Edit: It was noted on #freehackersunion that Tor, and for that matter other such services, offer you an ability to put an anonymous host on the Internet already. Sure, but Tor's bandwidth typically sucks, and the guy sitting on the exit owns you. EC2 basically commoditizes anonymous hosts, all you need is a stolen ID and credit card number.
Monday, August 25
They were treading near or around 80 when I started in November of 2002. They were in the low 50s I believe when I bailed in December 2005. The site I was at, the Rochester Democrat & Chronicle, was doing about 8 million hits a month with over a quarter million unique visitors ... but just didn't "get it" when it came to technology. They became followers rather than innovators, led by the nose by page views and ad campaigns, mimicking their socially-successful neighboring markets of Buffalo and Syracuse, but only years after their lead tech guy (me) had tried to encourage forums and article comments. Rather pathetic -- so much wasted potential and lead time.
They were starting to push the "hyperlocal reporting" and "local data machine" campaigns in a very drone-like fashion in my waning time there.

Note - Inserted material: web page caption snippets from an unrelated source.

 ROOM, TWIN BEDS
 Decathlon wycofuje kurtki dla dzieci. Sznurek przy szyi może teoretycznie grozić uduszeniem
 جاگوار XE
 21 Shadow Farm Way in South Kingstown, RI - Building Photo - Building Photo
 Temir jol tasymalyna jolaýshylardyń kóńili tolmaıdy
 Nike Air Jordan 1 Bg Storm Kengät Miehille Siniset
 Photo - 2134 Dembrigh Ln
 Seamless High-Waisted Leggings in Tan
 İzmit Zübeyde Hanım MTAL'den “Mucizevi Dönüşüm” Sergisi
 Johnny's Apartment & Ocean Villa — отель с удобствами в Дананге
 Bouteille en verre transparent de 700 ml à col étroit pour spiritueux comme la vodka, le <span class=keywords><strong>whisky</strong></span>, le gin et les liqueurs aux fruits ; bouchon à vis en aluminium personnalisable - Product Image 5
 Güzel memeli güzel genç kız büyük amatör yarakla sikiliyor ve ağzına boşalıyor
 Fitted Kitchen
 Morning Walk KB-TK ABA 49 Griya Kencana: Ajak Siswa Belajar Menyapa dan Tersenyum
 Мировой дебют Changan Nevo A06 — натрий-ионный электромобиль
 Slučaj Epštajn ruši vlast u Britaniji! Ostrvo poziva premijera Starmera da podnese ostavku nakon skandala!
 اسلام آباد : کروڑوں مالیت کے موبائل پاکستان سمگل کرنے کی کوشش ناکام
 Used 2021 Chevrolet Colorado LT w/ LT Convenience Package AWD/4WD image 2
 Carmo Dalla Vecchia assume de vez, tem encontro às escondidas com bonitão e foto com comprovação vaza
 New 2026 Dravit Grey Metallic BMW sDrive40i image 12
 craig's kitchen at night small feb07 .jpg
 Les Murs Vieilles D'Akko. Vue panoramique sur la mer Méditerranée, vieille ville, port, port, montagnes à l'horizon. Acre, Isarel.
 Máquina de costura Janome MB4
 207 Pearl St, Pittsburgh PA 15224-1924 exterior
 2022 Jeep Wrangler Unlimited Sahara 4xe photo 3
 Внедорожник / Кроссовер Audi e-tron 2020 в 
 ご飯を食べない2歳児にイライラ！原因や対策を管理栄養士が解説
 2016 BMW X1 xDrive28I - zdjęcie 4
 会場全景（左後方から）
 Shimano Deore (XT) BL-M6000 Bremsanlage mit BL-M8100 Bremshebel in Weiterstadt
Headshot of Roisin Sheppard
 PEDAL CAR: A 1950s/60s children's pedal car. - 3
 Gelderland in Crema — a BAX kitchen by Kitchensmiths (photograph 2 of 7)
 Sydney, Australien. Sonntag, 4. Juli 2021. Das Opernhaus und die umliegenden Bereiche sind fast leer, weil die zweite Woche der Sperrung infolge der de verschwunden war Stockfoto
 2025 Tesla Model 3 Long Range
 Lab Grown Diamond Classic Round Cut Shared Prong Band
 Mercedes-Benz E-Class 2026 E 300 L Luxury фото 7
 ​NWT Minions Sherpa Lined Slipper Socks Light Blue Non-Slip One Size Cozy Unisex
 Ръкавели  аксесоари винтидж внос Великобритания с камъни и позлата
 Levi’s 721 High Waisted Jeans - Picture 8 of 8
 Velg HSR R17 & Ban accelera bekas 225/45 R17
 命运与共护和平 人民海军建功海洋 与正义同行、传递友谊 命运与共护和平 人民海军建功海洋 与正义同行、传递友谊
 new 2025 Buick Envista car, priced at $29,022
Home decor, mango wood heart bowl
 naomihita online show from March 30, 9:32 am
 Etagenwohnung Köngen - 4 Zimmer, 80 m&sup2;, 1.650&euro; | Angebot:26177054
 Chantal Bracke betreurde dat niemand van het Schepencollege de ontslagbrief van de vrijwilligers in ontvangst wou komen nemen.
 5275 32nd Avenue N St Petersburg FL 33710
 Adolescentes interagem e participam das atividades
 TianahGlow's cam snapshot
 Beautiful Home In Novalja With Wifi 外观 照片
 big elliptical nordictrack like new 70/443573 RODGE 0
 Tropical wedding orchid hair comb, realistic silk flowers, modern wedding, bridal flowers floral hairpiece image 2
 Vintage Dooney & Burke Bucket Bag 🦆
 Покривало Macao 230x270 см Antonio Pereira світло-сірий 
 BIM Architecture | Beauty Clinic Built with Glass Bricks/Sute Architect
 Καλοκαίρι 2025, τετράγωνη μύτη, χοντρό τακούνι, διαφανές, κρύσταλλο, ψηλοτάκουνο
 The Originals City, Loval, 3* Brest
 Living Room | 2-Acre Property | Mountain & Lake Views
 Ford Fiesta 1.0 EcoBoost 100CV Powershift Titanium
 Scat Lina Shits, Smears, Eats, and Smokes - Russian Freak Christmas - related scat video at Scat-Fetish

I had some hope for them when they made the token effort of changing their "newsrooms" to "information centers," but unfortunately I think that corporation is too filled with stodgy, curmudgeonly personalities and mindsets to make the transition to the 21st century anytime this decade. No dancing elephants there -- no Lou Gerstner either, for sure. Over the past five years all their sites have, through corporate edict and ad-driven mania, become cookie cutter, ad-noisy copies of one another. Gross. AdBlock Plus is your friend.
Recently, an editor at the Glens Falls Post-Star haughtily insisted to me, via a poorly-designed article commenting system, that the newspaper wasn't dying -- "just look at all the hits this site gets!" Tell that to your parent corp's stock price:
Just for comparison, let's see how the innovation-friendly (ish) big-budget New York Times has been doing over the same 5-year period:
Only slightly better than the corporately-retarded Gannett Co, Inc.
Say it with me now: "Newspapers are environmentally-disastrous dinosaurs, please quit wasting time, money and resources, liquidate your assets and finish laying off your underpaid workforce already."
Thursday, July 24
I've hit a personal pseudo-Singularity from which I can never return.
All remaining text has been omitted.